Theorem 2.1 If $R_0<1$, then

1. (1)

   $E_1(\frac{A}{d_1},0)$ is a sink if $0<h<min\{\frac{2}{d_1},\frac{2}{d_2+r-\lambda }\}$;

2. (2)

   $E_1(\frac{A}{d_1},0)$ is a source if $h>max\{\frac{2}{d_1},\frac{2}{d_2+r-\lambda }\}$;

3. (3)

   $E_1(\frac{A}{d_1},0)$ is non-hyperbolic if $h=\frac{2}{d_1}$, or $\frac{2}{d_2+r-\lambda }$;

4. (4)

   $E_1(\frac{A}{d_1},0)$ is a saddle if $\frac{2}{d_1}<h<\frac{2}{d_2+r-\lambda }$, or $\frac{2}{d_2+r-\lambda }<h<\frac{2}{d_1}$.

On the local stability of equilibrium $E_2(S^{\ast },I^{\ast })$, we have the following result.
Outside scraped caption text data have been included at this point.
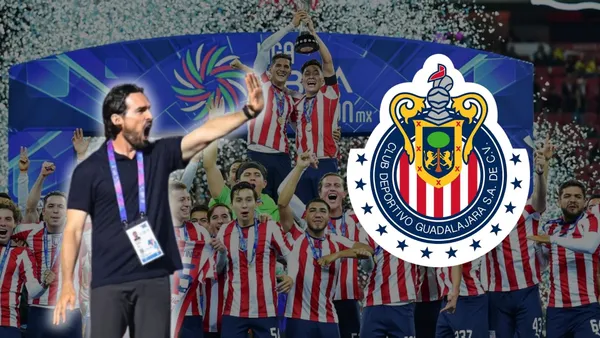 Gerardo Espinoza sería nuevo DT de Chivas, quien ya fue campeón con Tapatío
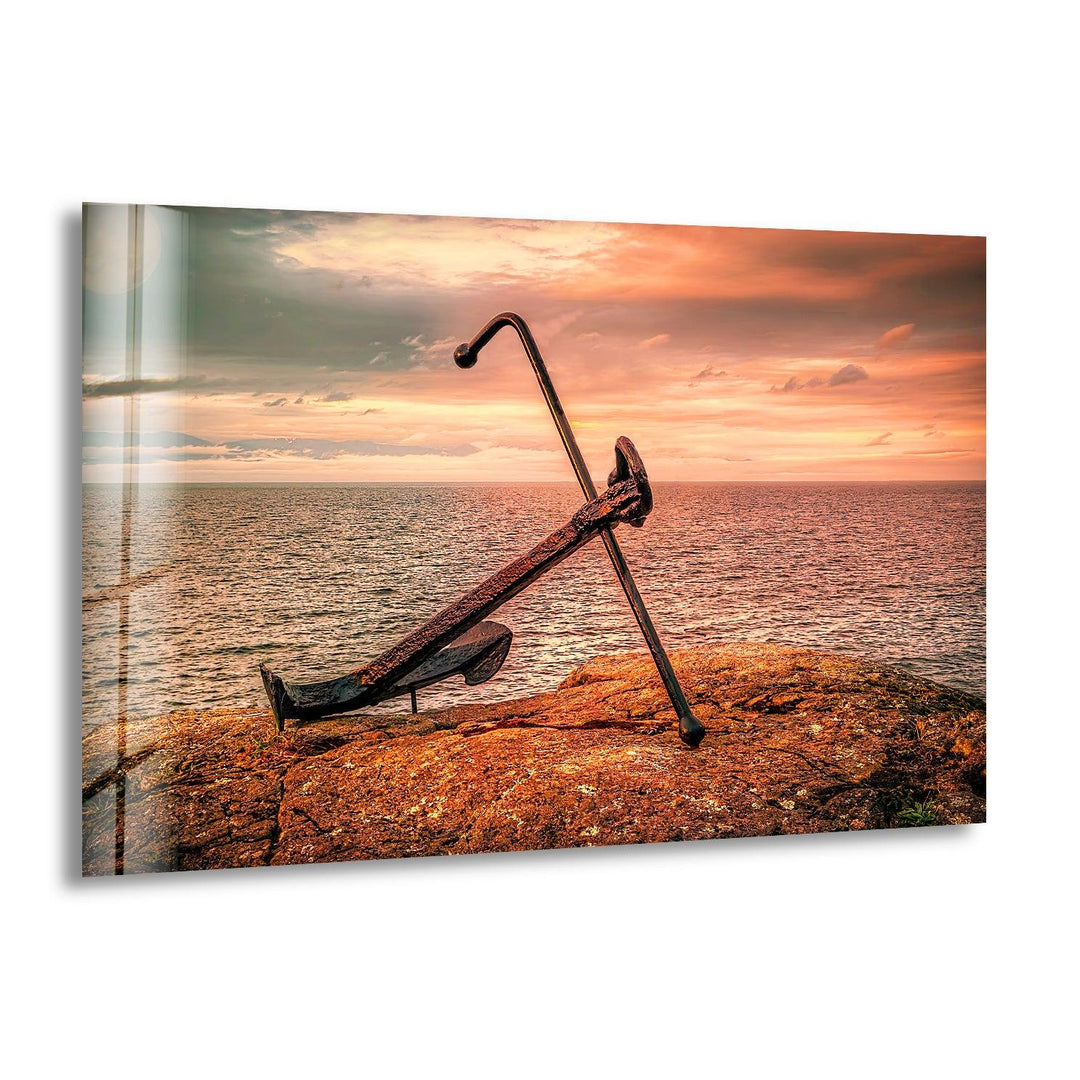 Landscape art prints offering a collection of serene and picturesque views to elevate your decor

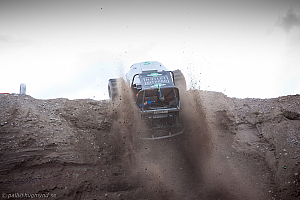 Torbjörn Eriksson, T-Rex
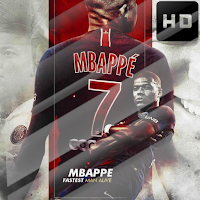 Kylian Mbappe Wallpaper HD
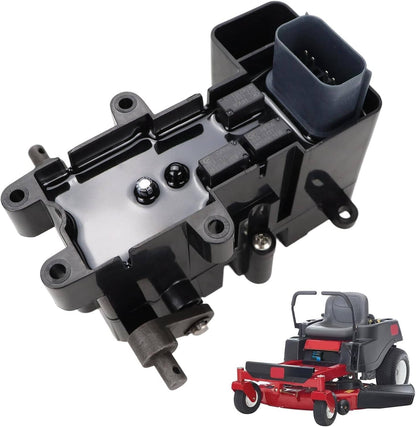 Solidspare Brake Box ASM Brake Control Module For Toro Timecutter Exmark 136-4213 130-6892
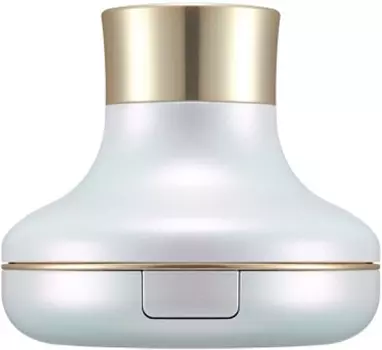 Nature Republic Ginseng Royal Silk Cover Tention Foundation SPFPA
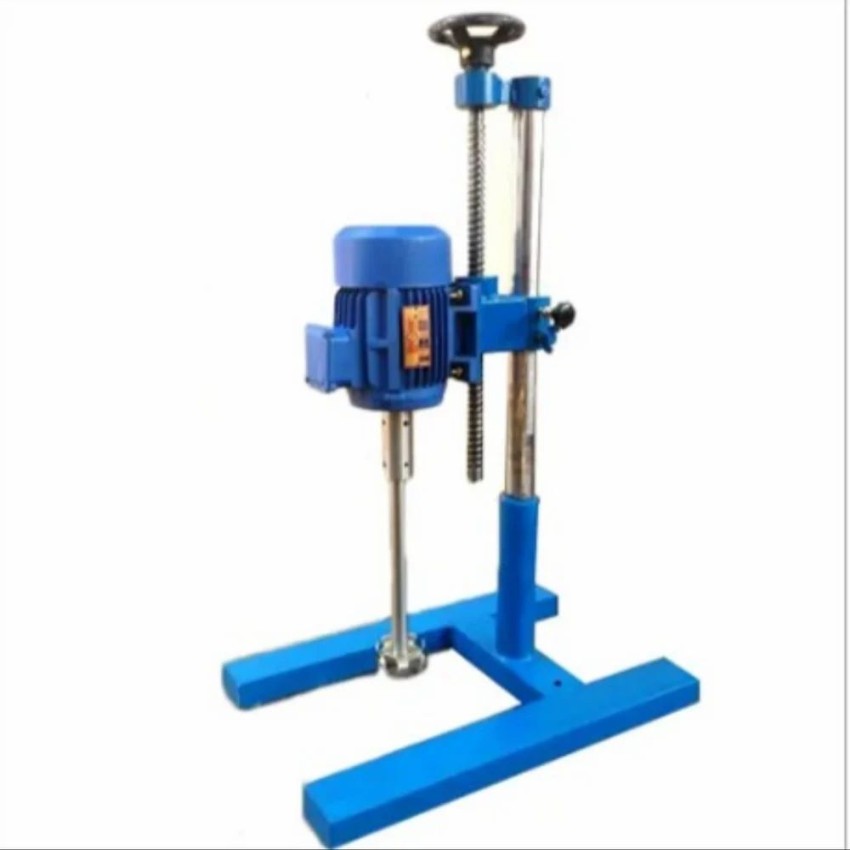 Stainless Steel Lab Overhead Stirrer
Theorem 2.2 If $R_0>1$, then

1. (1)

   $E_2(S^{\ast },I^{\ast })$ is a sink if one of the following conditions holds:

2. (A)

   $\mathrm{\Delta }\ge 0$ and $0<h<h_{\ast }$;

3. (B)

   $\mathrm{\Delta }<0$ and $0<h<h_{\ast \ast \ast }$;

4. (2)

   $E_2(S^{\ast },I^{\ast })$ is a source if one of the following conditions holds:

5. (A)

   $\mathrm{\Delta }\ge 0$ and $h>h_{\ast \ast }$;

6. (B)

   $\mathrm{\Delta }<0$ and $h>h_{\ast \ast \ast }$;

7. (3)

   $E_2(S^{\ast },I^{\ast })$ is non-hyperbolic if one of the following conditions holds:

8. (A)

   $\mathrm{\Delta }\ge 0$ and $h=h_{\ast }$ or $h_{\ast \ast }$;

9. (B)

   $\mathrm{\Delta }<0$ and $h=h_{\ast \ast \ast }$;

10. (4)

    $E_2(S^{\ast },I^{\ast })$ is a saddle if the following condition holds:

$\mathrm{\Delta }\ge 0$ and $h_{\ast }<h<h_{\ast \ast }$,

where

$$\begin{array}{c}{h}_{\ast }=\frac{\lambda (\lambda -d_2-r+d_1)-\lambda \sqrt{\mathrm{\Delta }}}{(\lambda -d_2-r)[d_1(d_2+r)+d_2(\lambda -d_2-r)]},\hfill \\ h_{\ast \ast }=\frac{\lambda (\lambda -d_2-r+d_1)+\lambda \sqrt{\mathrm{\Delta }}}{(\lambda -d_2-r)[d_1(d_2+r)+d_2(\lambda -d_2-r)]},\hfill \\ h_{\ast \ast \ast }=\frac{\lambda (\lambda -d_2-r+d_1)}{(\lambda -d_2-r)[d_1(d_2+r)+d_2(\lambda -d_2-r)]}\hfill \end{array}$$

and

$$\mathrm{\Delta }={(d_2+r-\lambda -d_1)}^2-\frac{4(\lambda -d_2-r)[d_1(d_2+r)+d_2(\lambda -d_2-r)]}{\lambda }.$$

The proofs of Theorem 2.1 and Theorem 2.2 are simple and hence we omit them.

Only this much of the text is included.